She longed to rest but did not dare, knowing that the effort of swimming with the dragging load was all that was keeping panic at bay. By noon it was clear that she would not be home by nightfall. And then, well into the afternoon, she heard conch-calls, the thin, wavering wails that the huntsmen blew, keeping in touch along the line as they drove the game towards the waiting spear party. Like whalesong, the notes travelled far underwater. She heard one away to her left, and another nearer, another to her right, and a fourth yet further off, too widely spaced for a game drive. And no hunt was planned for today . . . but of course it was for her they were hunting. Carn had come home, spent and still in harness . . . someone must have seen the direction. . . . She headed for the nearest conch.
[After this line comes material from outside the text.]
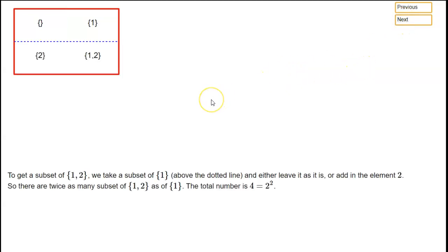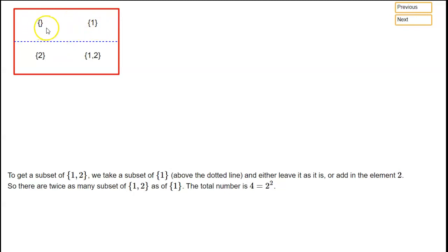Now let's look at a set of size two: {1, 2}. How do we find all subsets of this? Well, we've got the subsets of {1} that we had previously — those are listed above the dotted line — and those are certainly still subsets of {1, 2}. Those are in fact all the subsets of {1, 2} that don't contain 2. But then we also need to consider the subsets of {1, 2} that do contain 2. To get one of those, we just take one of the old subsets from above the dotted line and add a 2 to it. So we add 2 to the empty set and get {2}; we add 2 to {1} and get {1, 2}.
It turned out to be Scyto, a dour-seeming but kindly old merman who had helped break and train Carn. The moment he saw her, he blew a short call and drove his blue-fin towards her.
“My lady!” he said. “Where have you . . . what are these?”
Before she could speak, he blew the call again.
“Did Carn come home?” she said. “Is he all right?”
“He came, and maybe he’ll do. But these?”
“We must take them to my father,” she said, refusing to explain.
“If you say so, my lady,” he said, but clearly didn’t like it.
A conch sounded nearby. Scyto answered, and Aspar came surging up, saying the same things and asking the same questions.
“We are taking them to my father,” said Ailsa.
“Airfolk! Dead!” said Aspar.
“Do what you’re told, lad,” said Scyto. “Steady, there. Steady!”
This last to his blue-fin, which had shied as he was looping the lead rope onto the load hook. A moment later Aspar’s blue-fin shied violently and might have bolted if Aspar hadn’t forced its head round.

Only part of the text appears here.